*RECORDS FOR THIS TASK*:
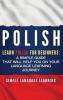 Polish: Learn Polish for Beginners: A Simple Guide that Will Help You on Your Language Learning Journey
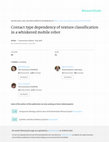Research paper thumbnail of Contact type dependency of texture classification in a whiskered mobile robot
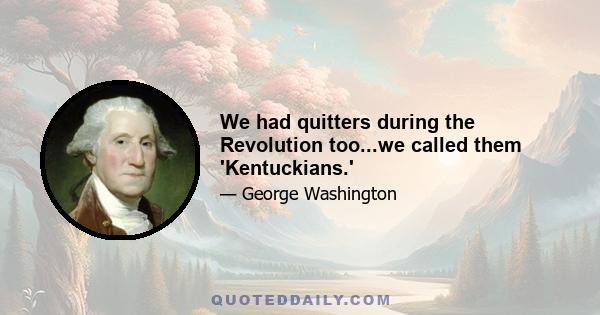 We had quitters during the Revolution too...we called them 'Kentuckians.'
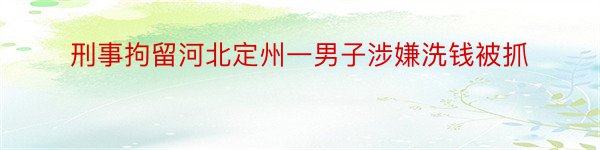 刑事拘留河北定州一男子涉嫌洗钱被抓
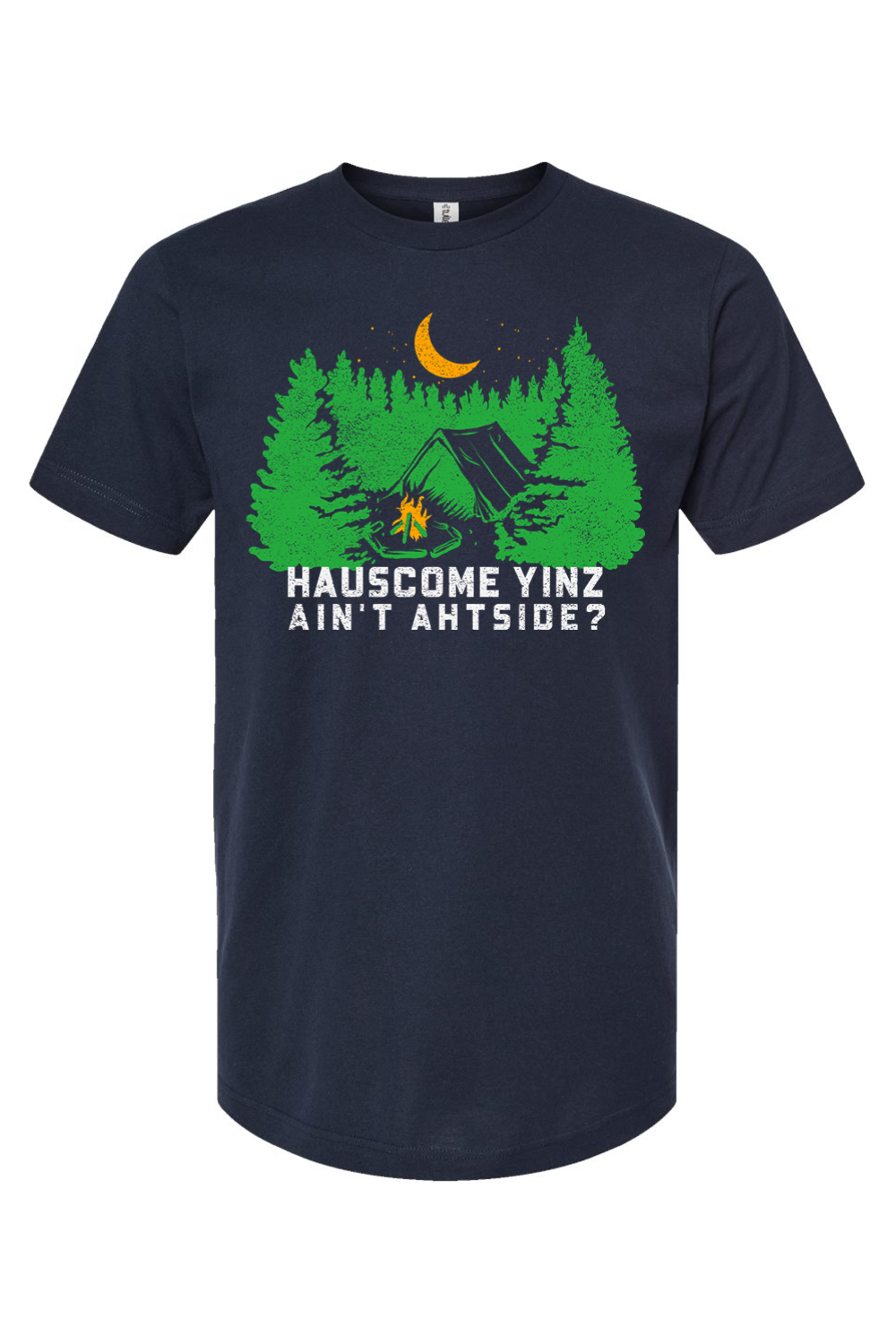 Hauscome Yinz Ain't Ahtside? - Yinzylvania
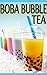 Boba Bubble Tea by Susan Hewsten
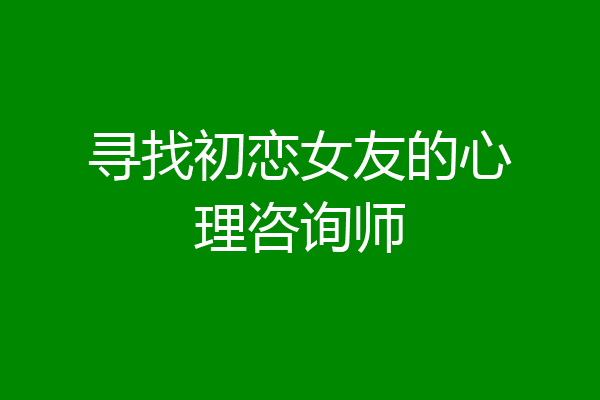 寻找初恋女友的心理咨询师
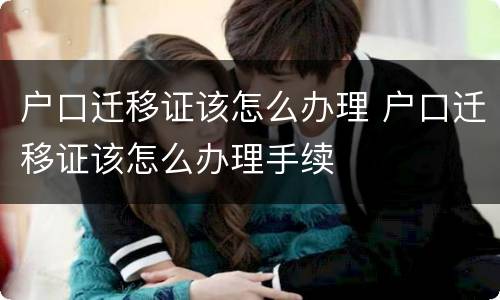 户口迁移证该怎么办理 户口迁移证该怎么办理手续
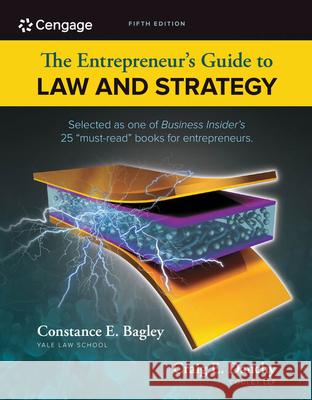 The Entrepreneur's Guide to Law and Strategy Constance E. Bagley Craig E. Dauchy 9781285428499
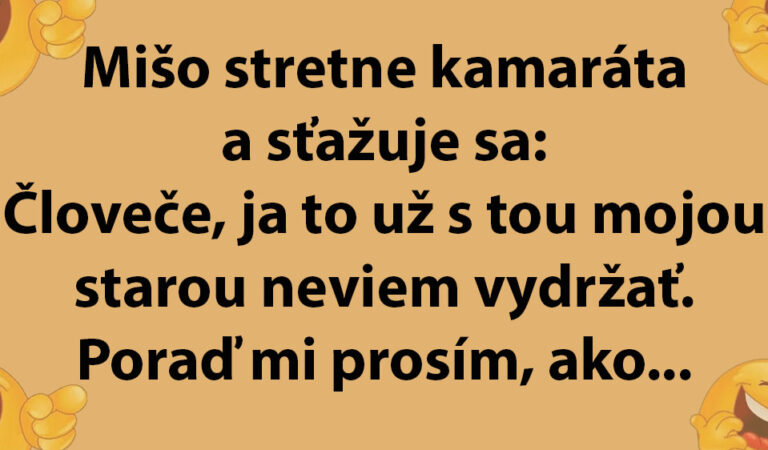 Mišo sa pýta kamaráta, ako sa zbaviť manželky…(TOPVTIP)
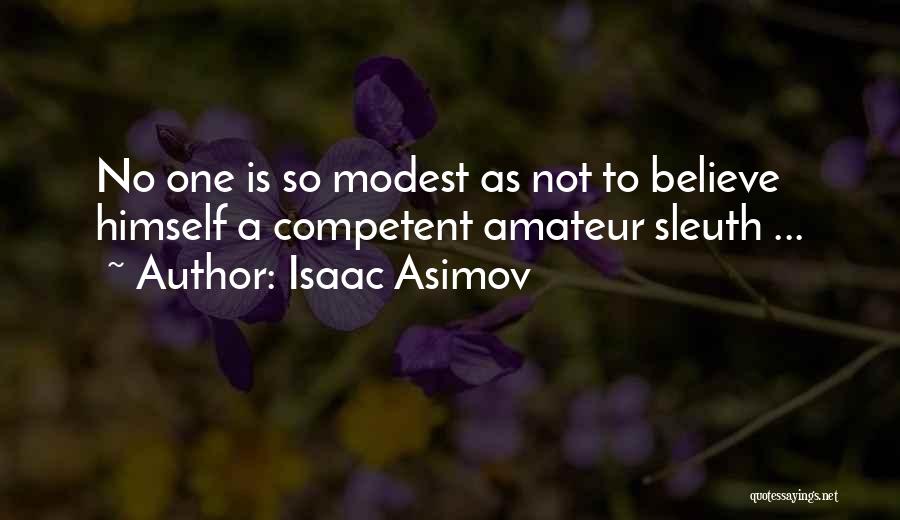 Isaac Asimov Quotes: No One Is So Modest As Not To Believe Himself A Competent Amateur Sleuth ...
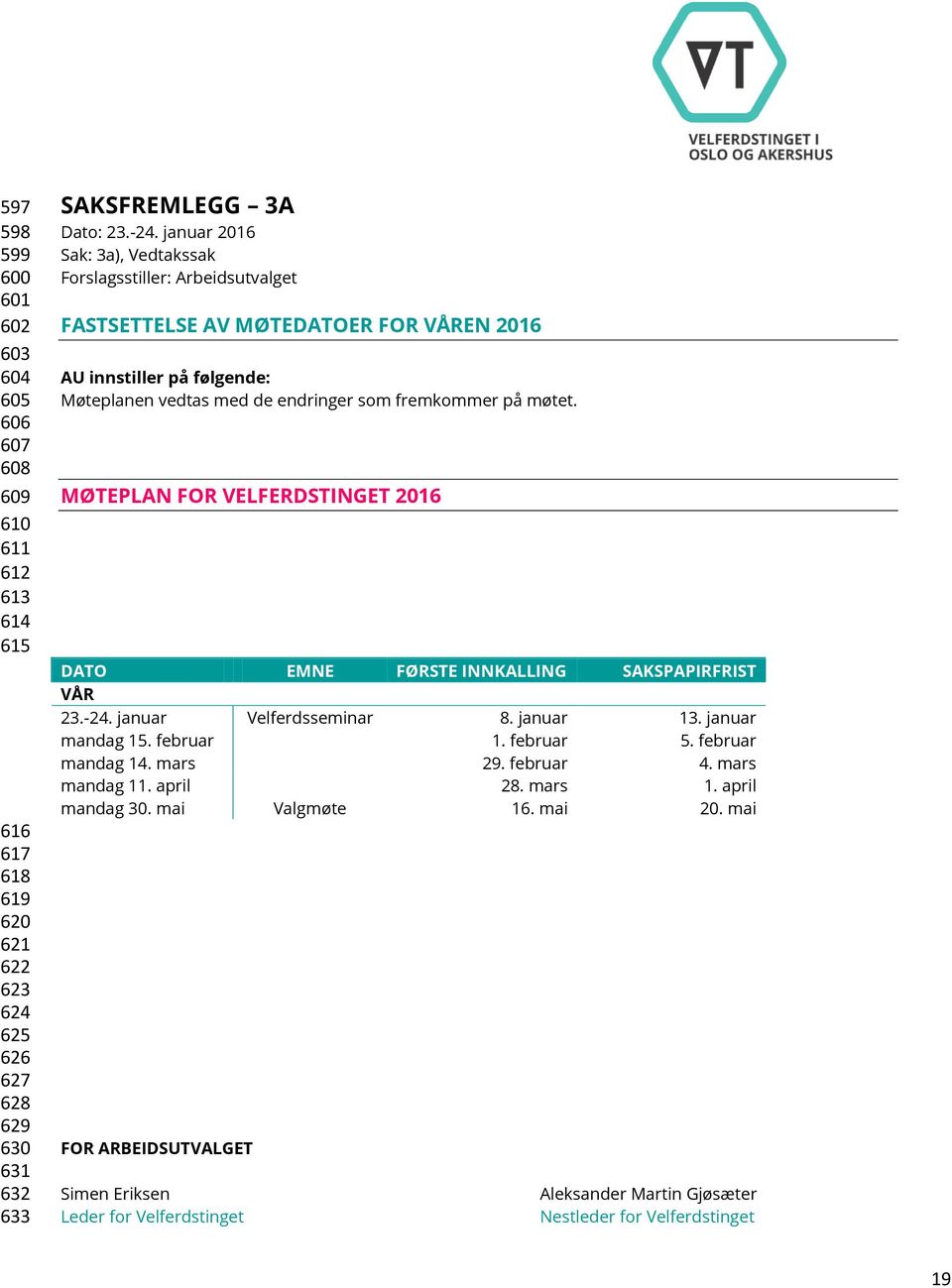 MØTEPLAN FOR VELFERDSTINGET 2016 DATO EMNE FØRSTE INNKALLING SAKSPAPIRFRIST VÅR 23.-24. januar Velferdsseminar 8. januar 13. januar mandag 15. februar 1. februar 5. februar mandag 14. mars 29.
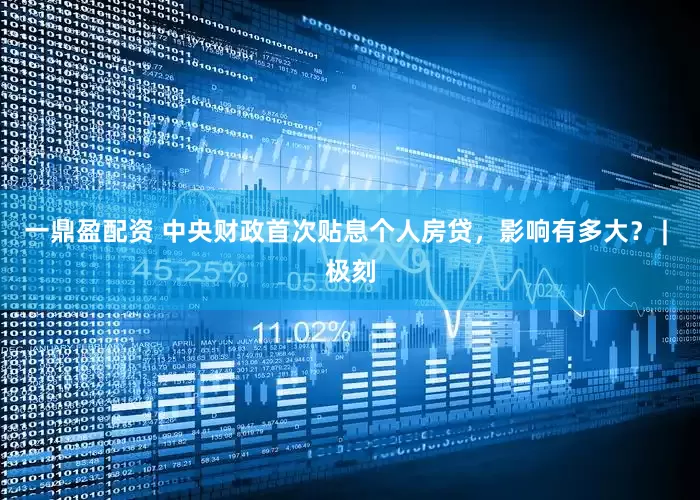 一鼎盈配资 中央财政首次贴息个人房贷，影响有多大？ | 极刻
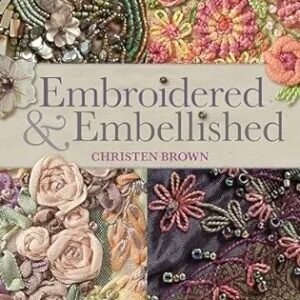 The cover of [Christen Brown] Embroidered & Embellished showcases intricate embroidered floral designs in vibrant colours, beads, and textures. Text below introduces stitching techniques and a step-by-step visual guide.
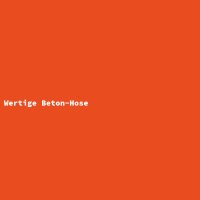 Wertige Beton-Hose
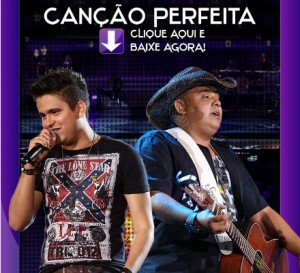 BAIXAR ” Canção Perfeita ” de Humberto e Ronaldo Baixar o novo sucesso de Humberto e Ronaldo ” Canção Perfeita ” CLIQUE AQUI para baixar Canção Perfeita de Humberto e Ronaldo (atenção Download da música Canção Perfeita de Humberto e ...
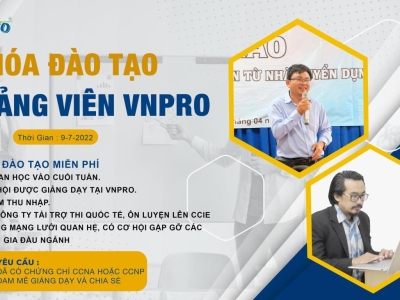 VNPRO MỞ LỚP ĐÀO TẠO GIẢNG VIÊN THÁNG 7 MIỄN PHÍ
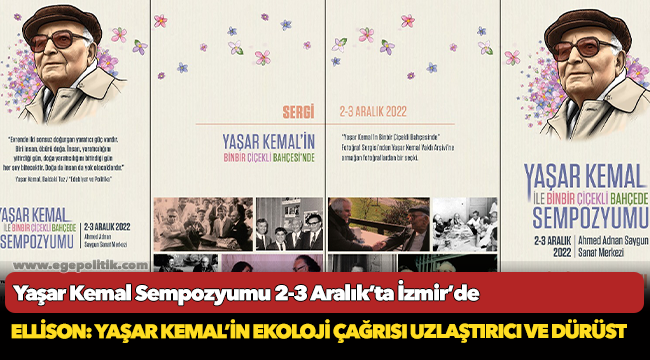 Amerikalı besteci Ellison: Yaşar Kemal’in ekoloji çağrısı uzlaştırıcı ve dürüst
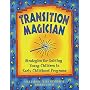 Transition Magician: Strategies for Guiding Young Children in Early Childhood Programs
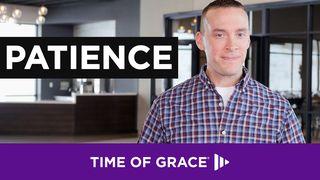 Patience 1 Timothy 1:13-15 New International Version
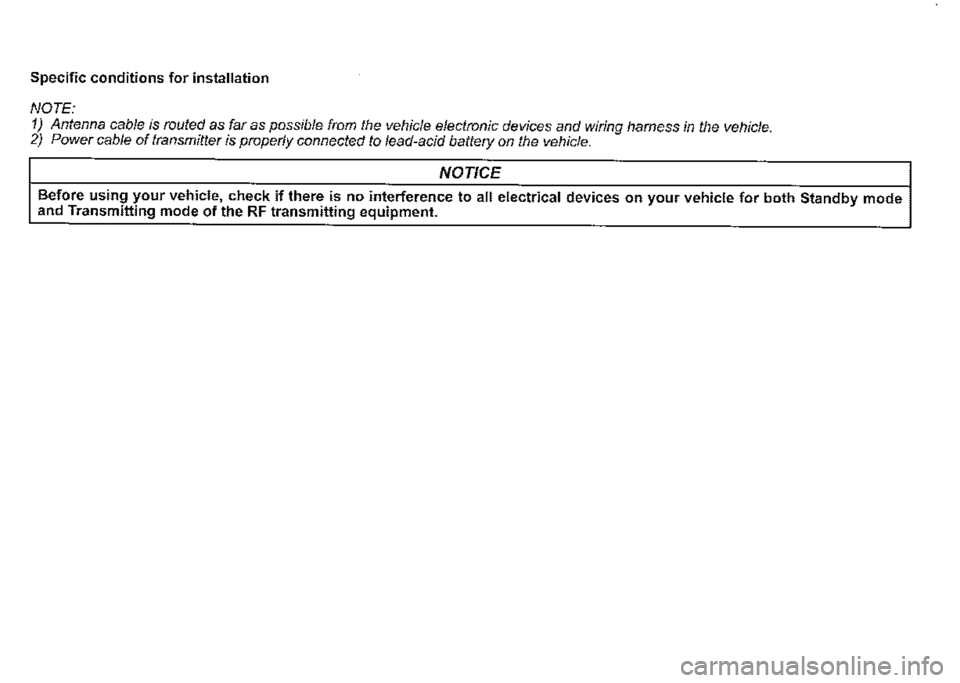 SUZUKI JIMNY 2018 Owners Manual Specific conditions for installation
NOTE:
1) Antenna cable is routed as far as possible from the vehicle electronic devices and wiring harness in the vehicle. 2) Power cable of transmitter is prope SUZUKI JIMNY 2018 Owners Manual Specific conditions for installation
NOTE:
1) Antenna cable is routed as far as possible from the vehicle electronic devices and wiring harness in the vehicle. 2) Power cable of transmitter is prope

*WHAT TO DO*:
Take the line holding "is prope SUZUKI" and the lines after it through the end of the entries. Retype them exactly and add nothing.

*RESULT OF THE EXERCISE*:
1) Antenna cable is routed as far as possible from the vehicle electronic devices and wiring harness in the vehicle. 2) Power cable of transmitter is prope SUZUKI JIMNY 2018 Owners Manual Specific conditions for installation
NOTE:
1) Antenna cable is routed as far as possible from the vehicle electronic devices and wiring harness in the vehicle. 2) Power cable of transmitter is prope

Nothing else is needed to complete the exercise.